The testing capacity in the U.S. steadily increased since week 16 of 2020 (mid-April) to reach a peak around week 29 (mid-July) and slightly decreased afterward. Aggregating the CDC data, Health Feedback found that laboratories carried out a total of 1,950,226 tests during week 26 (early September 2020) which returned 99,799 COVID-19 positive results (5%). Therefore, it is misleading to claim that ongoing and upcoming COVID-19 cases are due to other illnesses, given that the case confirmation is based on molecular diagnostic tests. Anticipating the overlap between the COVID-19 epidemic and the flu season, the U.S. Food and Drug Administration recently authorized a CDC-developed PCR test that can detect and distinguish both the flu virus and SARS-CoV-2.
Some versions of the claim suggest that the current epidemiological situation is similar to last year, asserting that it is normal to see more cases of respiratory illness, owing to the return of the common cold and flu season which normally takes place at the end of summer and beginning of fall. This is contradicted by data from the CDC, which registered the number of deaths per week in 2020 and compared it to the average from the previous years.
Based on these figures, we can see that August 2020 exhibited a significant amount of excess death (Figure 1). It is too early, as of 16 September 2020, to have reliable data on the number of deaths of September, as not all deaths in that month have been reported yet. However, the figure below shows that the mortality in 2020 is not “the same as last year”. In the absence of any data indicating another abnormally common cause of death in 2020, it is beyond reasonable doubt that the excess mortality is due to COVID-19 pandemic and not from the common cold and seasonal flu. If it were the case, one would expect the number of deaths to fall within the average of the previous years.

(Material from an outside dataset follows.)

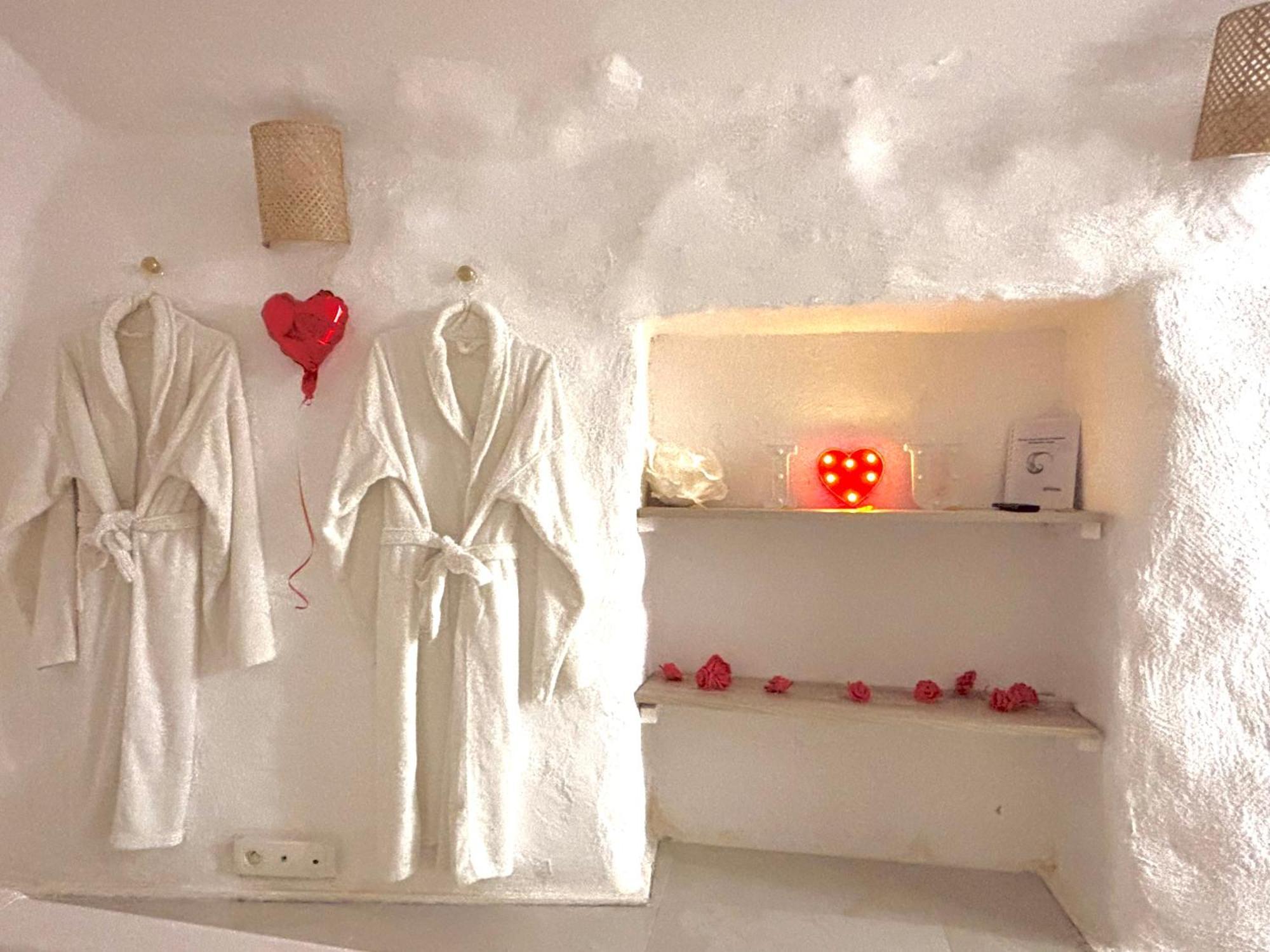 וינה Le Temple D'Aphrodite, Appartement Avec Spa מראה חיצוני תמונה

Figure 1. Deaths from all causes in the U.S. from January 2017 to August 2020. The orange line is a threshold of the expected number of deaths based on average mortality of the previous years. Deaths above the threshold (orange line) are considered “excess deaths”. Weeks where excess deaths are recorded are marked by a red cross. Data and the figure are from the U.S. CDC.
In summary, claims stating that current or upcoming cases labeled as COVID-19 are in fact due to the common cold or flu are unsupported by available evidence. They ignore the fact the number of confirmed COVID-19 cases is based on PCR tests that specifically detect the virus causing COVID-19, and thus cannot be confused with the flu infection or the common cold. It is likely that both COVID-19 and influenza will spread together during fall and winter. Although it is difficult to predict what the risk of simultaneously having both the flu and COVID-19 will be, and whether the measure of social distancing will also help reduce the flu season, experts have expressed much concern over the potential impact of having both respiratory illnesses circulating among the population at the same time.